Well, my guess is that somebody panicked and they started cutting, and when you start cutting you can't stop. What is so strange about all this is that a lot of what they dropped when they did their editing (and a very bad job they made of it, incidentally, leaving loose ends and unidentified speakers) had previously been put out on BBC radio quite safely. It's also very strange that mild stuff like ours was objected to on Radio 4, where the stand-up comedian is now encouraged to get away with anything, where programmes such as the News Quiz have become quite filthy, and where dear old Humphrey Lyttelton is allowed to make the most vile double entendres on I'm Sorry I Haven't a Clue.

What horrifies me most, though, is the sheer abandoning of broadcasting standards by Jimmy Boyle's men and women. To get a show which YOU have commissioned on a Wednesday morning, and then not to listen to it till Friday, the day before transmission, is sheer incompetence. To decide to censor things your station has previously broadcast is cowardice.

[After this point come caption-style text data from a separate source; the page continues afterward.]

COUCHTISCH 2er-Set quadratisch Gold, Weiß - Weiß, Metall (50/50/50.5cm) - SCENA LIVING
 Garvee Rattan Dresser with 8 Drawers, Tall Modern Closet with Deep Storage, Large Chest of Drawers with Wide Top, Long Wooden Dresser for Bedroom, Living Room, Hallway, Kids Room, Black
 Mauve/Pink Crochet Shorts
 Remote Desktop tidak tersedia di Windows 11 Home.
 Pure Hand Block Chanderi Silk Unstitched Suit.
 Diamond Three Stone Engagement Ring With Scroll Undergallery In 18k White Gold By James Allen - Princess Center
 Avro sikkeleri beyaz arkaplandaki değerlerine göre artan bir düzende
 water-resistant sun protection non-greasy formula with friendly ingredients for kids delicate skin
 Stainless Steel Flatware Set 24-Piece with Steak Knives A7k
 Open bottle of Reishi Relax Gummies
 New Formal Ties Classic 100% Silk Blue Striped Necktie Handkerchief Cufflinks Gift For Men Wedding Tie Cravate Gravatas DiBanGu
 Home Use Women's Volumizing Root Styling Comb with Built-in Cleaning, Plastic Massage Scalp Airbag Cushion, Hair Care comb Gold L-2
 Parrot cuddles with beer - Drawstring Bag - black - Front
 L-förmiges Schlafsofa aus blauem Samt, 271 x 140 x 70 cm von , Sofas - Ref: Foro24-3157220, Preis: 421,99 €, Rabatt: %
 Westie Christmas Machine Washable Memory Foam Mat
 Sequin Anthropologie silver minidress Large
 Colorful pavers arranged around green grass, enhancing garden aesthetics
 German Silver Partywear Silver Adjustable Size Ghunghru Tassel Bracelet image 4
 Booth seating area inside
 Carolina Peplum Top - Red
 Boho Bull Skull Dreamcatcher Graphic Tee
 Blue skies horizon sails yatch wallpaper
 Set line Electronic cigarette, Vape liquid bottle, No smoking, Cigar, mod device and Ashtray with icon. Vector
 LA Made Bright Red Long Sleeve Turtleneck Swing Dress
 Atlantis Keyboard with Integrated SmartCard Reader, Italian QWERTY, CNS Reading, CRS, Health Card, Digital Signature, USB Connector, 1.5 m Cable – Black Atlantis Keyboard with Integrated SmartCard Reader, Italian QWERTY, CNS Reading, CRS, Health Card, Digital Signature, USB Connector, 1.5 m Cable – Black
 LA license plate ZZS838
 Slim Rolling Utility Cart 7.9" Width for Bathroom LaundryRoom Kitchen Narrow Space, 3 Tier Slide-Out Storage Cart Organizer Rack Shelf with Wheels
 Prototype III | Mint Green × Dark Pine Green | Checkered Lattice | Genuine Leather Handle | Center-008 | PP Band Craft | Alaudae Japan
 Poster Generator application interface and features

But to inflict YOUR own cuts and changes on someone else's programme, without telling the producer, OR the audience, what is going on, breaks all known rules of broadcasting. If you ask a producer to do a show, and then don't like it, you ask him to re-do it. You NEVER, even if you are Controller of Radio 4, presume do it yourself.

Or at least you didn't until the BBC reached its present state.